=== Task item ===
Return nothing but the lines from the one with "Eacam Chaleco de" through the one with "Sideboard with 2" in the data below, word for word and without pictures.

=== Material for this task ===
*** Block opens ***

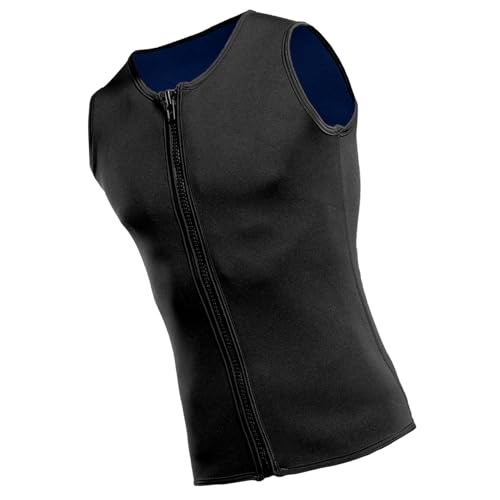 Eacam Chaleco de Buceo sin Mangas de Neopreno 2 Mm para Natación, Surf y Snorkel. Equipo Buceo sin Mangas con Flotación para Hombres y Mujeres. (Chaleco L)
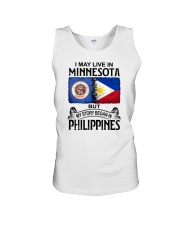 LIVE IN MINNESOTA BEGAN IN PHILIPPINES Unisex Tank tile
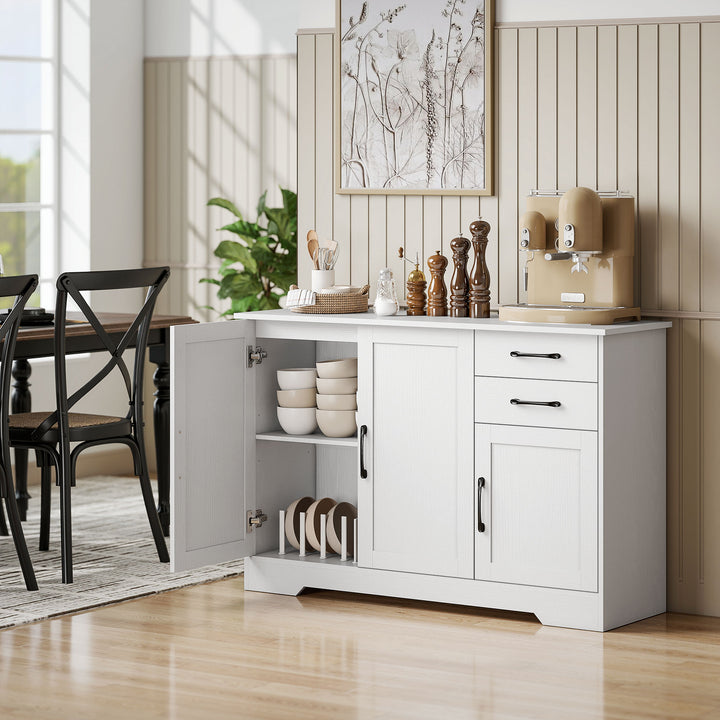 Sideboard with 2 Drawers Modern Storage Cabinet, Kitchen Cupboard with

*** Block closes ***
*** Block opens ***

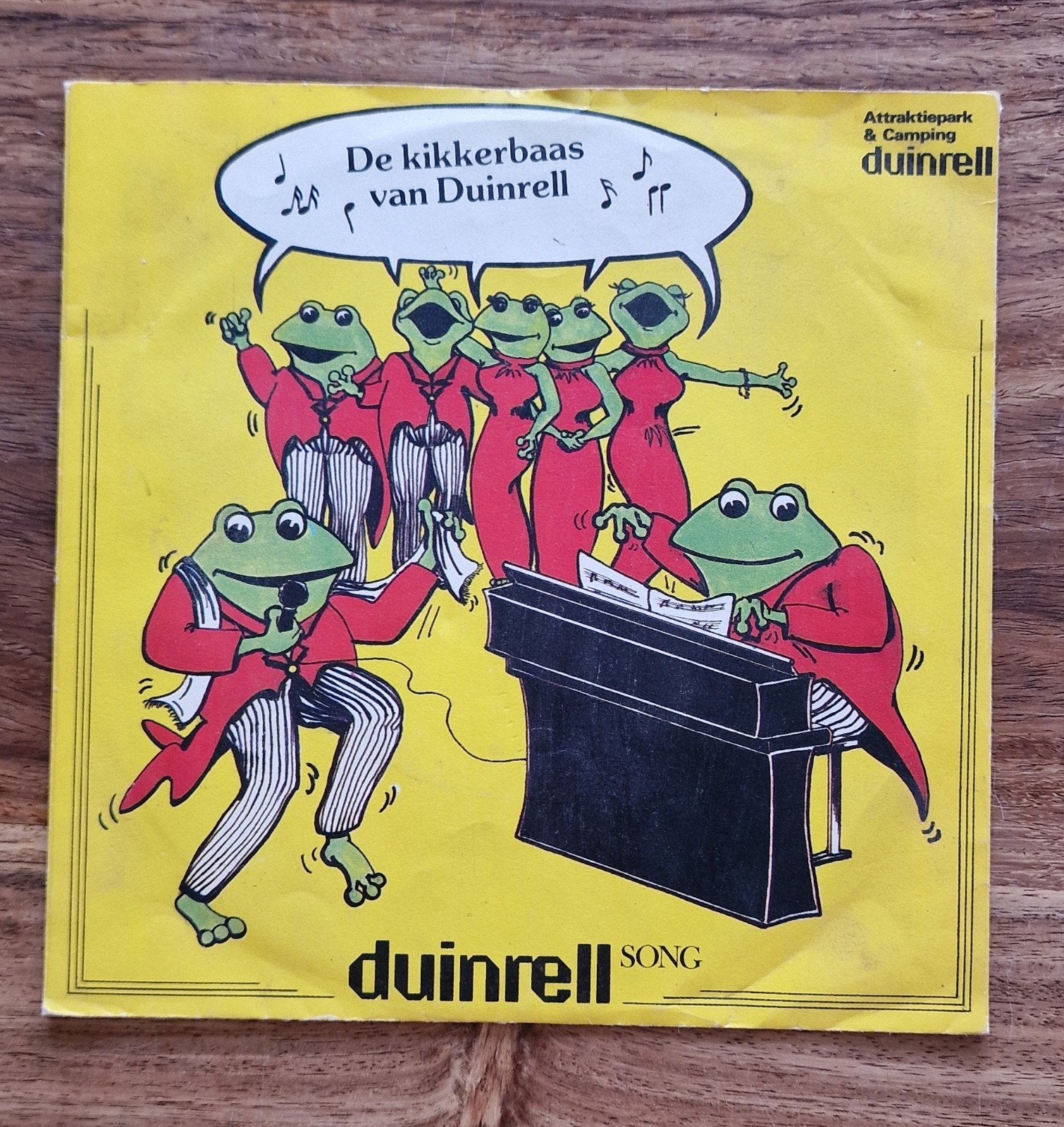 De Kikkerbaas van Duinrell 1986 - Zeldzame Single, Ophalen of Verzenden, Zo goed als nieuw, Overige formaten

*** Block closes ***

=== Final answer ===
 Eacam Chaleco de Buceo sin Mangas de Neopreno 2 Mm para Natación, Surf y Snorkel. Equipo Buceo sin Mangas con Flotación para Hombres y Mujeres. (Chaleco L)
 LIVE IN MINNESOTA BEGAN IN PHILIPPINES Unisex Tank tile
 Sideboard with 2 Drawers Modern Storage Cabinet, Kitchen Cupboard with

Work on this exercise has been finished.